Wes Cochran

This interview was originally published in ART PAPERS September/October 1990, Vol. 14, issue 5. 

John Adams spoke for the founding fathers as well as for the young nation, when, speaking about French art he said that art and artists were “on the side of Despotism and superstition.” Adams, who felt that art was a threat to the new democratic liberties, that painting and sculpture were anti-democratic, went on to say that he “would not give a sixpence for a picture by Raphael or a statue of Phidias.” As the country grew and affluent Americans traveled abroad, they began to feel the need to establish some kind of cultural environment. A new breed of Americans developed who were willing to spend their sixpence for art. By 1805 a few small galleries began to open around the Art Academy in Philadelphia and in New York City. By 1842 the nation’s first art museum, the Wadsworth Atheneum, opened in Hartford, Connecticut. The general 19th century American public, however, still believed that art was a suspicious and European convention. The concept of the museum, at that time, implied not the visual arts but the natural sciences and soon every little urban center created its own “dime museum.” Here were the bottled freaks, the mammoth bones, and the wax figures of kings and queens, criminals and their victims, and other luminaries. These museums satisfied the national thirst for the grotesque and the bizarre.

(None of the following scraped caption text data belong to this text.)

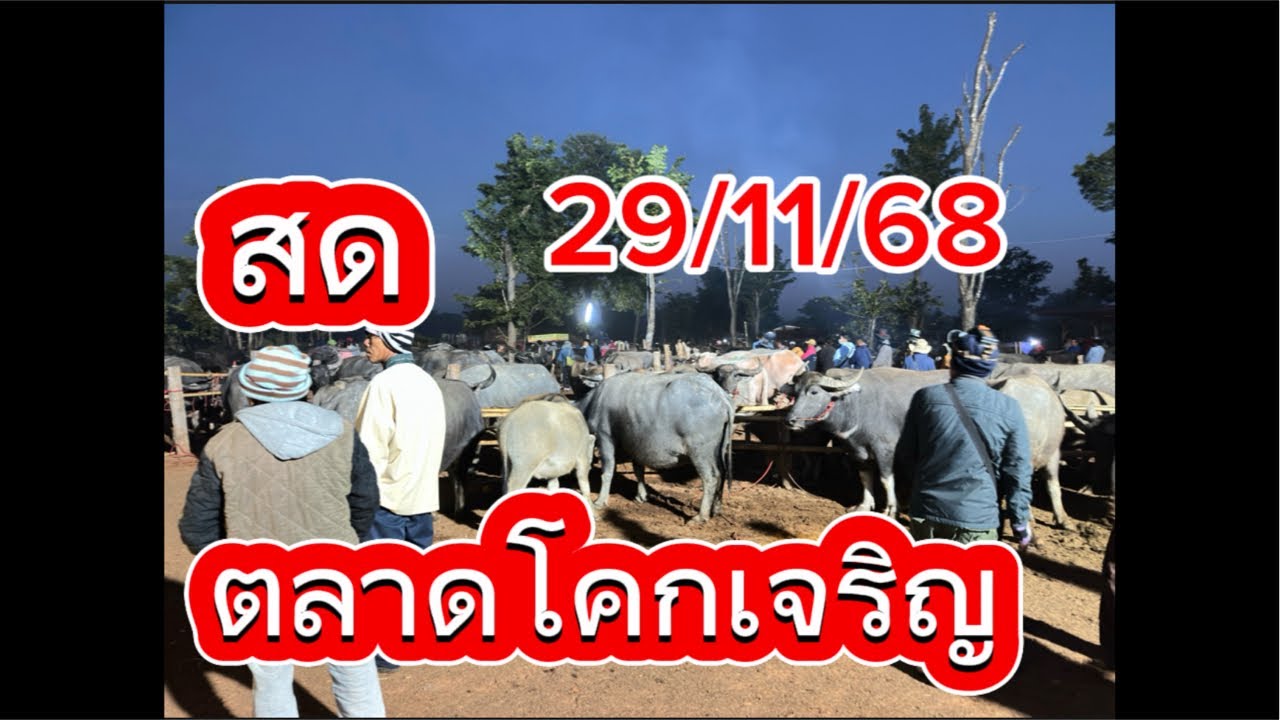 ชมบรรยากาศตลาดนัดโคกระบือโคกเจริญ อ.สว่าง จะ.สกลนคร #คนเลี้ยงควาย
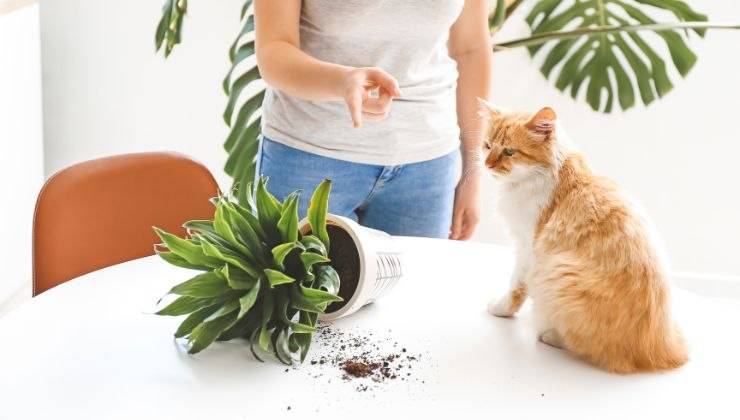 Sgridare il gatto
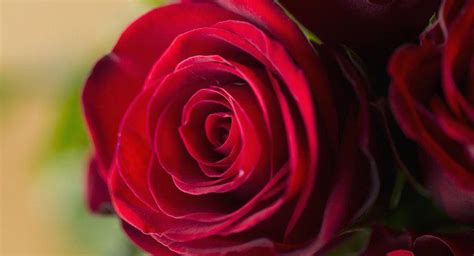 Was Bedeuten Rote Rosen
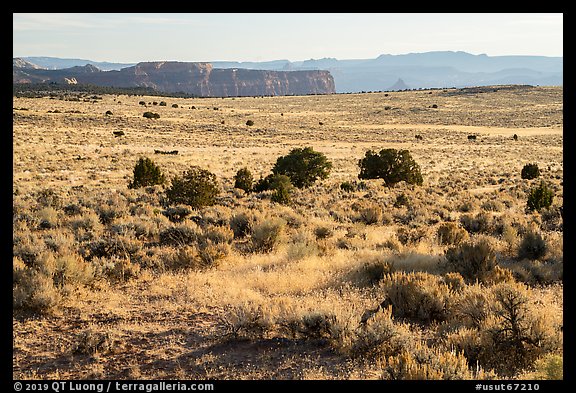 Hatch Point Plateau. Bears Ears National Monument, Utah, USA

In 1870, three major American fine arts museums, dedicated to education, moral uplift, and social betterment, were founded in Washington, D.C., Boston and New York. Consonant with the belief that art and education were inseparable, the man on the street was welcomed to enjoy these uplifting pleasures. This was a radical departure from the policies of institutions like The Louvre or the British Museum, whose holdings, primarily gifts from the monarchy and spoils of war, were accessible only to the artist, the scholar, the connoisseur, and the “gentleman.”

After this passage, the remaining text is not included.